Wir stehen ein für die Ehe von Mann und Frau. Sie ist für jede Gesellschaft grundlegend. Das aus dieser Gemeinschaft geschenkte Leben von Familien soll gefördert werden.
Wir stehen auf für die Stärkung der Ehe und gegen ihre Entwertung. Zugleich wenden wir uns gegen eine Diffamierung von Menschen in anderen Lebensformen.
Die einzelnen Abschnitte von „Auf ein Wort“ wurden im Herbst 2015 durch Veranstaltungen vertieft, das Thema „Homosexualität und Bibel“ in einem gut besuchten Vortrag mit Professor Dr. Härle. (Vgl. Kirchenfenster 2015 Heft 3). Auf präzisierende KGR-Stellungnahmen zu diesem Themenfeld haben wir bewusst verzichtet, um den Dialog in der Gemeinde offen zu halten und damit zu fördern. Ganz in diesem Sinne verstehe ich auch meinen Artikel im letzten Kirchenfenster. Und ganz in diesem Sinne ist fürs nächste Kirchenfenster ein Beitrag mit abweichender Meinung eingeplant.

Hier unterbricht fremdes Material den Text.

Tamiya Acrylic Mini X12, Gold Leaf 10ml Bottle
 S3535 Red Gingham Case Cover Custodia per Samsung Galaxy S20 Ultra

„Wer die Bibel als Argument gegen gleichgeschlechtliche Partnerschaften anführt, bewegt sich auf dünnem Eis“. Kann man so die Bibel-Stellen zur Homosexualität beiseite schieben?
Ich bedaure sehr, dass dieser Eindruck entstanden ist. Jener Abschnitt ist viel zu knapp ausgefallen; der Blick in die Bibel hätte mehr Raum verdient. Schließlich entstand meine Haltung zu unserer Fragestellung nicht durch ein Weglassen der biblischen Belege, sondern – im Gegenteil – durch den genaueren Blick auf besagten Textstellen.
„Dünn“ ist das Eis auch nicht, weil es nur 6 Stellen in der Bibel gibt – denn es kommt nicht auf die Quantität von Aussagen an, sondern auf deren Gehalt.
Dazu zwei Beobachtungen: (1) Es geht in den Bibeltexten nicht um eine Lebensform, sondern um eine Form des Geschlechtsaktes, die abgelehnt wird. (2) Die biblischen Texte haben beim homosexuellen Geschlechtsakt nach meiner Überzeugung nicht liebevolle Zärtlichkeit, sondern eine maßlose sexuelle Gier vor Augen, wie sie zum Beispiel in antiken, heidnischen Orgien üblich war.
Man bewegt sich aus meiner Sicht tatsächlich „auf dünnem Eis“, wenn man generell das verbindliche Zusammenleben von gleichgeschlechtlichen Partnern anhand dieses biblischen Befundes ablehnt.
Näheres zu den Bibeltexten finden Sie in diesem lesenswerten Artikel von Professor Siegfried Zimmer, (erschienen in“anstösse 1/2018″). Er ist uns in Gomaringen als Prediger der Jungen Abendkirche bekannt.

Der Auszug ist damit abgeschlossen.